In New York habe ich in einem Appartment in der Nähe eines Parks gewohnt. Ich bin dort jeden morgen sehr früh aufgestanden, um die Eichhörnchen zu beobachten. Sie müssen wissen: Ich bin auf meine alten Tage ein sehr einfacher Mann geworden. Meine Neighbourhood war schön, als ich dahingezogen war. Viele Junkies, Kriminelle, Schwarze - ich mag eine solche Gesellschaft. Aber nach und nach zogen da immer mehr Leute wie ich dahin. Popstars, Prominente, Fernsehleute. Ich hab es nicht mehr ausgehalten. Die hatten angefangen, mir Botschaften unter der Tür durchzuschieben, haben mich um neun Uhr in der Früh aus dem Bett geklingelt, um mir ihr Drehbuch zu geben, ob ich nicht meine Meinung dazu äußern könnte und solche Sachen. Ob ich nicht auf einem Benefiz-Konzert auftreten wollte. Unfassbar! Ich musste da weg.

Und Miami ist anonymer?

Aber hallo! Ich fühle mich dort viel wohler, weil ich mich freier bewegen kann. Ich habe in Miami jetzt meine eigenen Eichhörnchen und meine eigenen Bäume. Das ist viel besser, als es zuletzt in New York war. Ich glaube, was ich in Miami am meisten genieße, ist dass ich morgens aus meinem Haus in den Garten gehen und dort pinkeln kann. Das ist mir enorm wichtig. Aufstehen, rausgehen, in den Garten pinkeln. Herrlich! Das geht gar nicht erst in die Kanalisation, die mir ohnehin suspekt ist, sondern gleich in den Boden. So muss es sein.

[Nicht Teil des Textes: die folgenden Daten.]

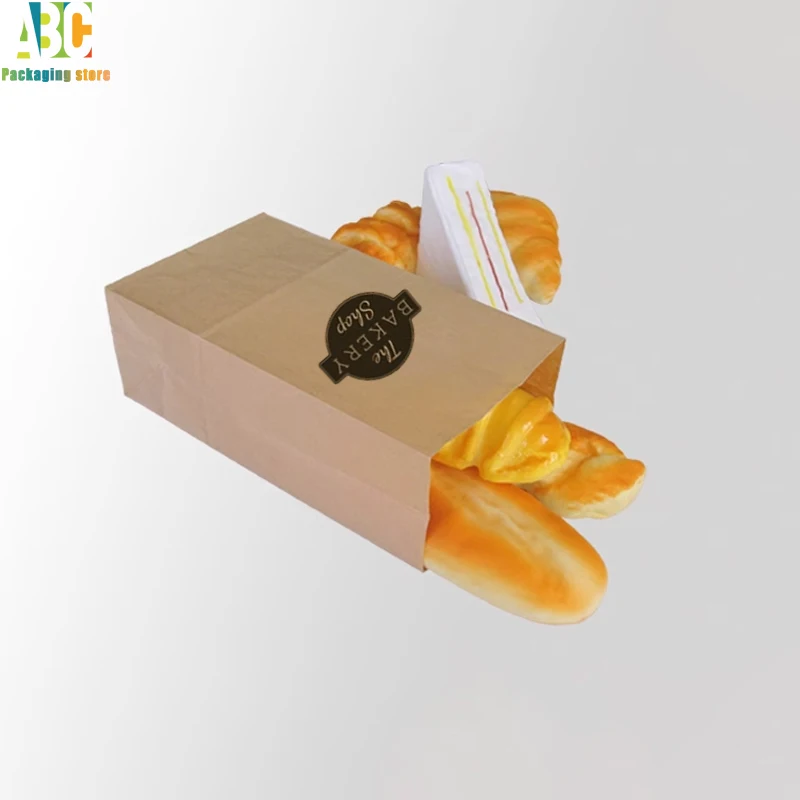 Sacchetti personalizzati per l'imballaggio del pane in carta Kraft, a prova di olio, cibo per la colazione, pacchetto di verdure, sacchetto per Toast per feste, forniture per la cottura, Logo stampato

In New York haben Sie nicht vor Ihre Tür gepinkelt?

Früher hatte ich auch in New York gegen eine Straßenlaterne pinkeln können. Aber die Stadt hat sich so verändert in den letzten Jahren. Alles ist so nett und aufgeräumt jetzt. Alles ist teuer und wohlhabend. An Miami mag ich die Luft und das Wetter. Miami ist tatsächlich so, wie Brian DePalma die Stadt in seinem Film „Scarface“ gezeigt hat. Ich muss mir unbedingt noch Abel Ferraras „Blackout“ angucken.

Der Film hat ein tolles Licht. Gleißende Sonne, Schlagschatten. Wie vor fünfzehn Jahren „Miami Vice“.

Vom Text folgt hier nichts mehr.